_EXERCISE AIM_. Only one stretch of the data below is wanted: the lines starting at the one with "image for item" and ending at the one with "2016 Ford Mustang V6", both included, given again exactly.

----------

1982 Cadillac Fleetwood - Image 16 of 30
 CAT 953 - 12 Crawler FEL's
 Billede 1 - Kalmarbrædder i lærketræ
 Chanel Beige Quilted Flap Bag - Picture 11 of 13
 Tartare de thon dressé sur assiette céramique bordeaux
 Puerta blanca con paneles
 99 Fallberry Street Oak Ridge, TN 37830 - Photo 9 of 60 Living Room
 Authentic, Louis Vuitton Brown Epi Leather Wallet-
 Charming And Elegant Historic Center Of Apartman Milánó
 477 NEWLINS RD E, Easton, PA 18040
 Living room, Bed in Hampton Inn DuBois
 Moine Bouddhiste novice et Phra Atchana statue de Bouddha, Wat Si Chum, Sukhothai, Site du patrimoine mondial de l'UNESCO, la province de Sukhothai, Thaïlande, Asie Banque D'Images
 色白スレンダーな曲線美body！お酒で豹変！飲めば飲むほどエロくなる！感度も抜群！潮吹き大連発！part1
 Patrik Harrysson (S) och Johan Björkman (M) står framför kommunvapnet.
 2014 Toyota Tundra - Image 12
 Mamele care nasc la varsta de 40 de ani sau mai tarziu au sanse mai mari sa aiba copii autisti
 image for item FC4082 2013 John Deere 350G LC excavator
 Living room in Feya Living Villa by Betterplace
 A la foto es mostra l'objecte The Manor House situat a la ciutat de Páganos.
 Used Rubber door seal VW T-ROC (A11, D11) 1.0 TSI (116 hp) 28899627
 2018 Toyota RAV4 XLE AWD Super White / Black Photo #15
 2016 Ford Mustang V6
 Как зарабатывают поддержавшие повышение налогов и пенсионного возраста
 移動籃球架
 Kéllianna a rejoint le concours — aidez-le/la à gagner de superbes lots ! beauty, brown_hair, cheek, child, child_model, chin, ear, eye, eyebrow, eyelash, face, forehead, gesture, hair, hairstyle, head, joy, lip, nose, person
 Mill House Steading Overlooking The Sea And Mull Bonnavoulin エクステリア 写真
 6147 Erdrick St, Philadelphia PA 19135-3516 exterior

----------

_TASK OUTPUT_.
 image for item FC4082 2013 John Deere 350G LC excavator
 Living room in Feya Living Villa by Betterplace
 A la foto es mostra l'objecte The Manor House situat a la ciutat de Páganos.
 Used Rubber door seal VW T-ROC (A11, D11) 1.0 TSI (116 hp) 28899627
 2018 Toyota RAV4 XLE AWD Super White / Black Photo #15
 2016 Ford Mustang V6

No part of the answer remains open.